Provided data
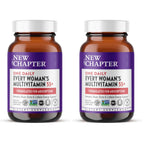 New Chapter Every Woman's One Daily 55+ Multivitamin, 96 Tablets | Supports Immune, Bone, and Vision Health, Gentle on the Stomach, Non-GMO, Gluten Free, Dairy Free, Vegetarian, and Kosher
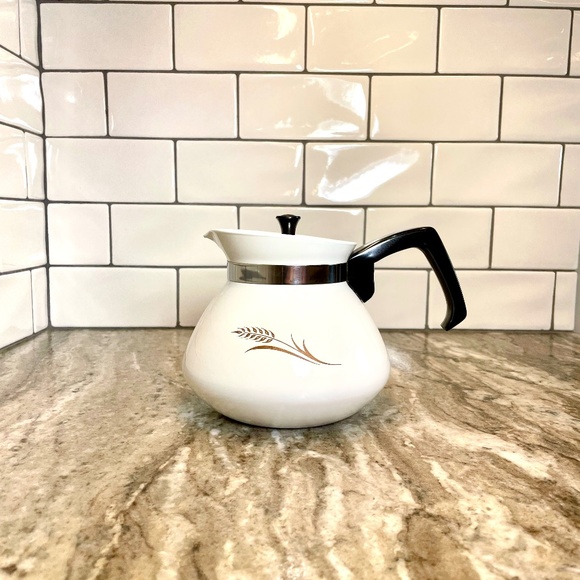 Corningware Kitchen Vintage Corning Ware Wheat Teapot Tea Kettle 6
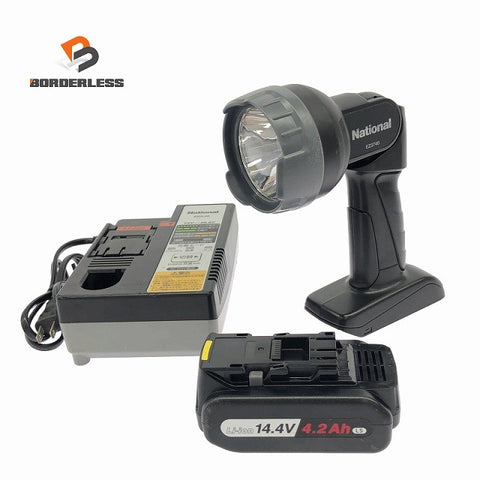 ☆中古品☆ Panasonic パナソニック 14.4A 工事用ライト EZ3740 バッテリー1個(14.4V4.2Ah)付き 充電器付き135041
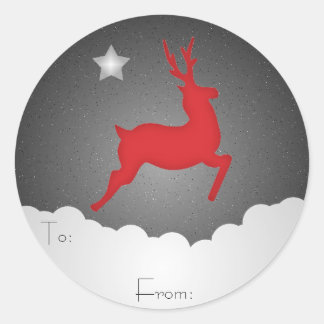 Una etiqueta de regalo de noche estrellada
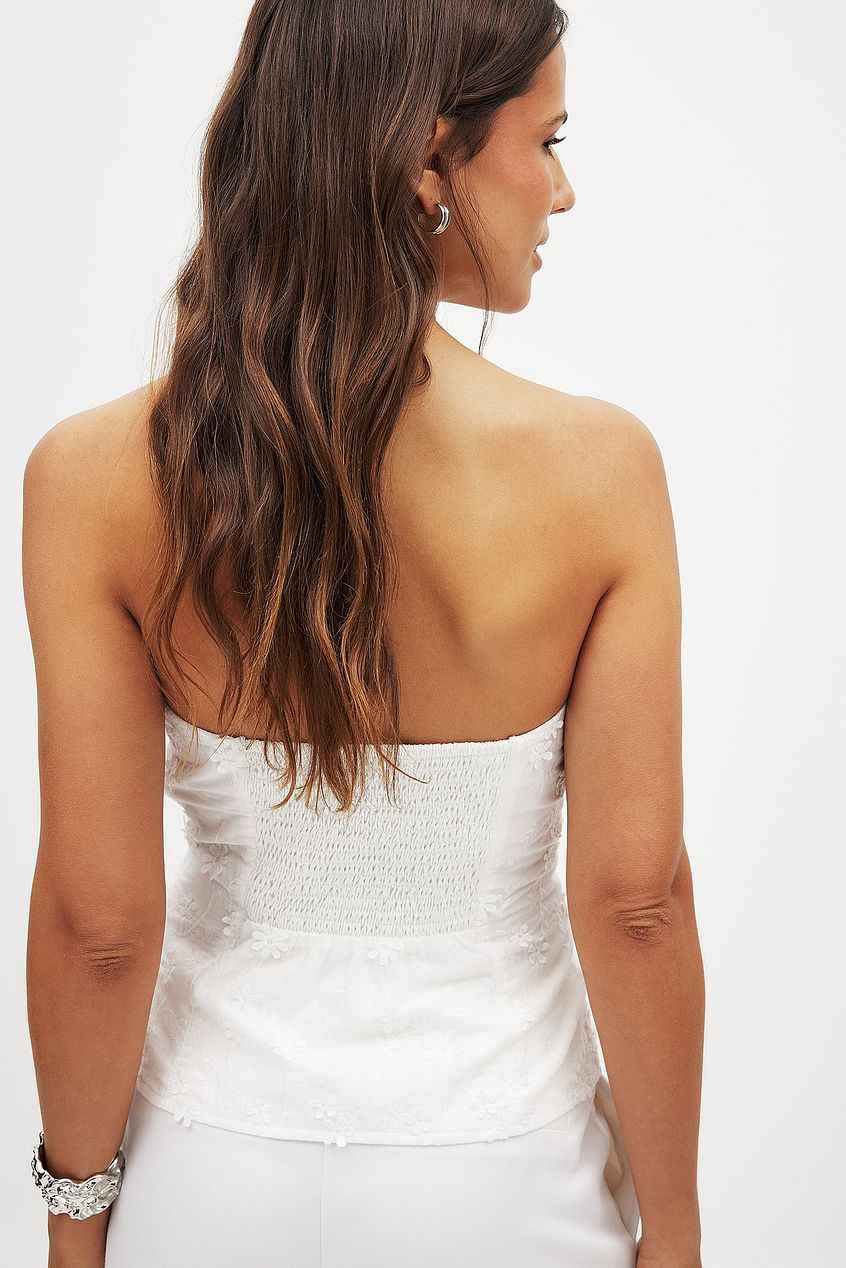 Na-kd Embroidered Bandeau Top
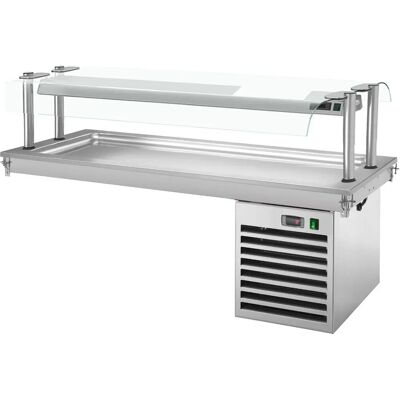GGM Gastro - Inbouw Koelplaat - 1,8m - +2 tot +8°C - 5x GN 1/1 - Zilver GGM Gastro - Inbouw Koelplaat - 1,8m - +2 tot +8°C - 5x GN 1/1 - Zilver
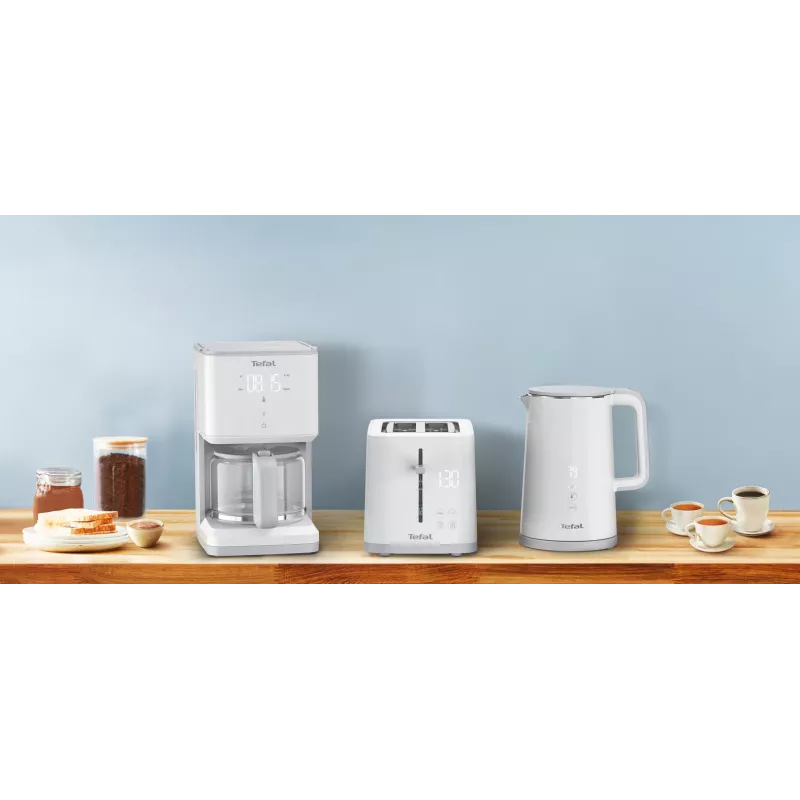 Torradeira Tefal Sense TT6931 — 2 fatias, 850 W, branca, 7 níveis de tostagem, indicador LED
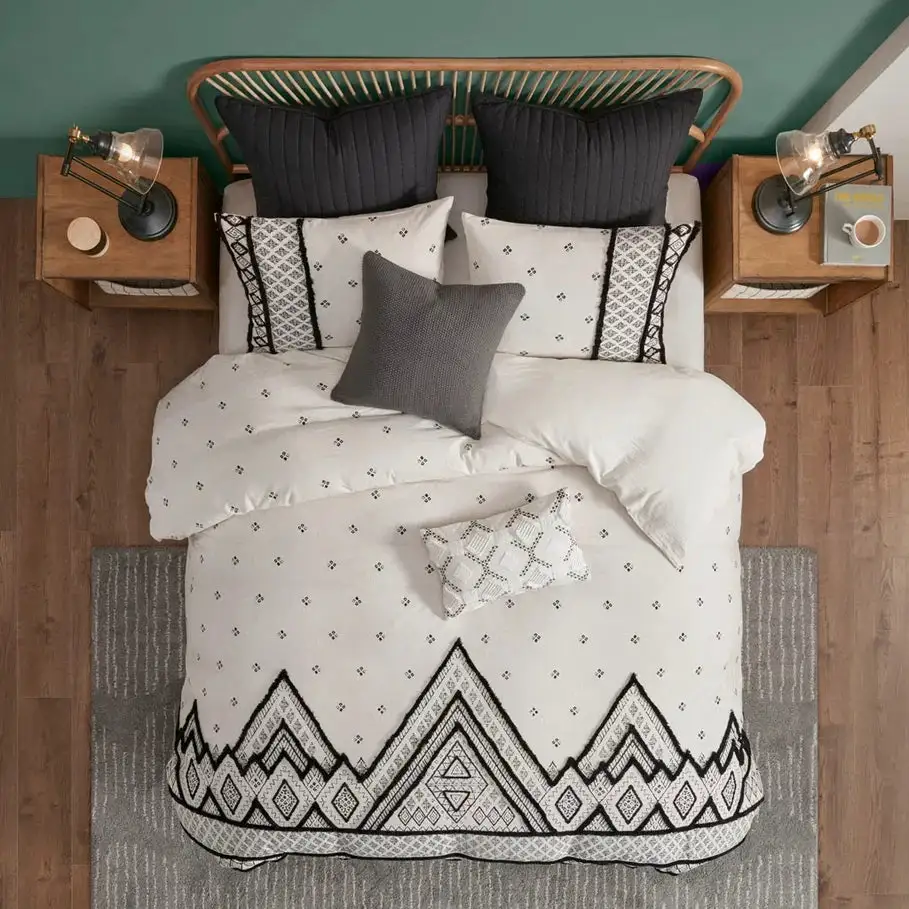 Chenille Diamond Bedding Set
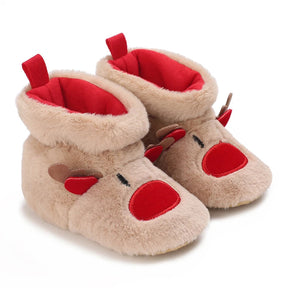 Non-Slip Baby Slippers | Cozy Cotton for Winter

Directions for this task
With the pictures left out, copy exactly the lines above from the line containing "Corningware Kitchen Vintage" through the last line of the entries.

Solution for this problem
 Corningware Kitchen Vintage Corning Ware Wheat Teapot Tea Kettle 6
 ☆中古品☆ Panasonic パナソニック 14.4A 工事用ライト EZ3740 バッテリー1個(14.4V4.2Ah)付き 充電器付き135041
 Una etiqueta de regalo de noche estrellada
 Na-kd Embroidered Bandeau Top
GGM Gastro - Inbouw Koelplaat - 1,8m - +2 tot +8°C - 5x GN 1/1 - Zilver GGM Gastro - Inbouw Koelplaat - 1,8m - +2 tot +8°C - 5x GN 1/1 - Zilver
 Torradeira Tefal Sense TT6931 — 2 fatias, 850 W, branca, 7 níveis de tostagem, indicador LED
 Chenille Diamond Bedding Set
 Non-Slip Baby Slippers | Cozy Cotton for Winter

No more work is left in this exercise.